Les avocats tunisiens tiennent leurs assemblées électives vendredi 12 et samedi 13 septembre 2025. Demain, quelque 9.000 membres de la profession éliront un nouveau conseil de l'Ordre et désigneront celui ou celle qui succédera à Hatem Mziou au bâtonnat. Trois noms se détachent nettement dans les pronostics : Boubaker Bethabet, Mohamed Mahjoub et Hassen Toukabri. Boubaker Bethabet, favori des jeunes et figure de terrain Me Boubaker Bethabet apparaît comme le candidat le plus en vue. Soutenu par une large frange de jeunes avocats, il est réputé proche – voire très proche – de l'ancien bâtonnier panarabiste Béchir Essid. Signe distinctif : il est le seul des trois prétendants à s'être régulièrement montré dans les procès à caractère politique visant des confrères. On l'a vu notamment à la Maison de l'avocat lors de l'arrestation musclée de Sonia Dahmani et de Mehdi Zagrouba. Me Bethabet entretient par ailleurs des liens solides avec le milieu tunisien des affaires, défendant plusieurs hommes d'affaires actuellement en détention. Paradoxalement, il est aussi connu pour sa proximité avec Me Naoufel Saïed, frère du président de la République. Cette double inscription – auprès du barreau militant et du monde des affaires – en fait un profil à la fois clivant et rassembleur.
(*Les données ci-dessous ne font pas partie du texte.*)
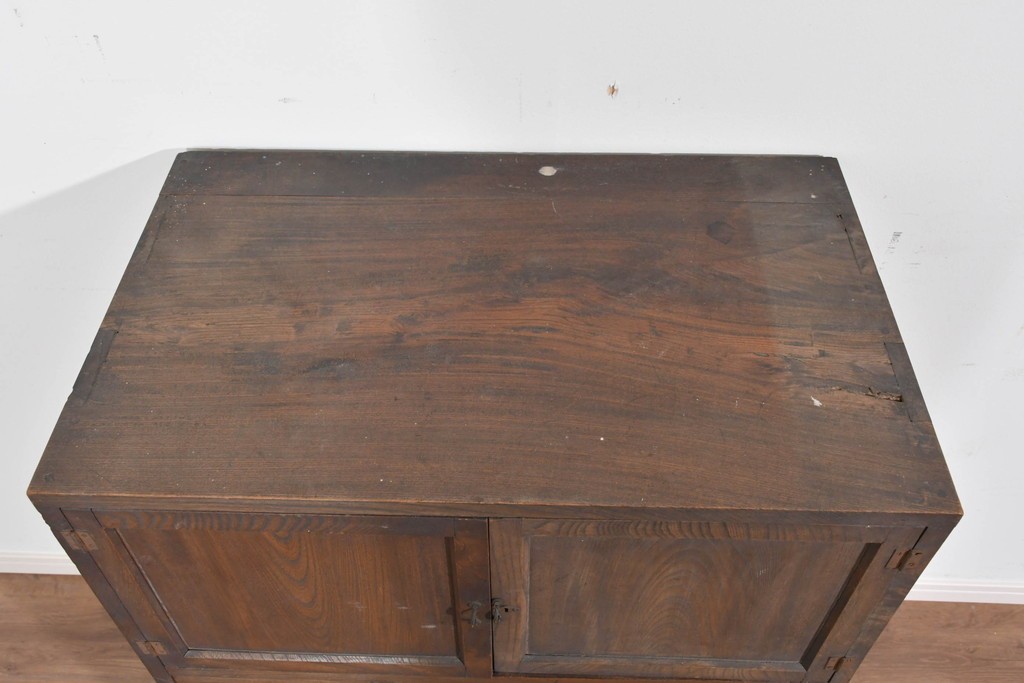 和製アンティーク　変わりデザイン!!　前面欅(ケヤキ)材の小振りな収納棚　(R-085698)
Mohamed Mahjoub, l'héritier fragilisé Deuxième favori, Me Mohamed Mahjoub bénéficie d'un soutien historique des régions de Sfax et du Sahel. Plusieurs confrères le décrivent comme le clone de l'actuel bâtonnier Hatem Mziou, dont il partage le style conciliant avec le pouvoir. Mais le vent semble avoir tourné ces dernières semaines. Beaucoup d'avocats disent ne plus vouloir d'un bâtonnier perçu comme accommodant avec le régime, à l'image de ses deux prédécesseurs. Hatem Mziou s'est illustré par une politique d'apaisement, notamment en refusant l'intégration au barreau des magistrats limogés. Cette décision n'a pas seulement laissé ces juges sans ressources, elle a eu un effet bien plus profond : elle a privé les magistrats encore en poste de leur porte de sortie. Jusqu'ici, un juge menacé ou soumis à des pressions politiques pouvait se rebeller en sachant qu'il lui restait l'option de rejoindre la profession d'avocat. En fermant cette issue, Mziou a indirectement contraint de nombreux magistrats à se plier aux injonctions du pouvoir dans des affaires sensibles, faute d'alternative pour préserver leur carrière et leurs moyens de subsistance. Ce contexte provoque aujourd'hui un effritement du vote dans le Sahel et à Sfax, affaiblissant la base régionale de Mahjoub et renforçant mécaniquement la candidature de Bethabet.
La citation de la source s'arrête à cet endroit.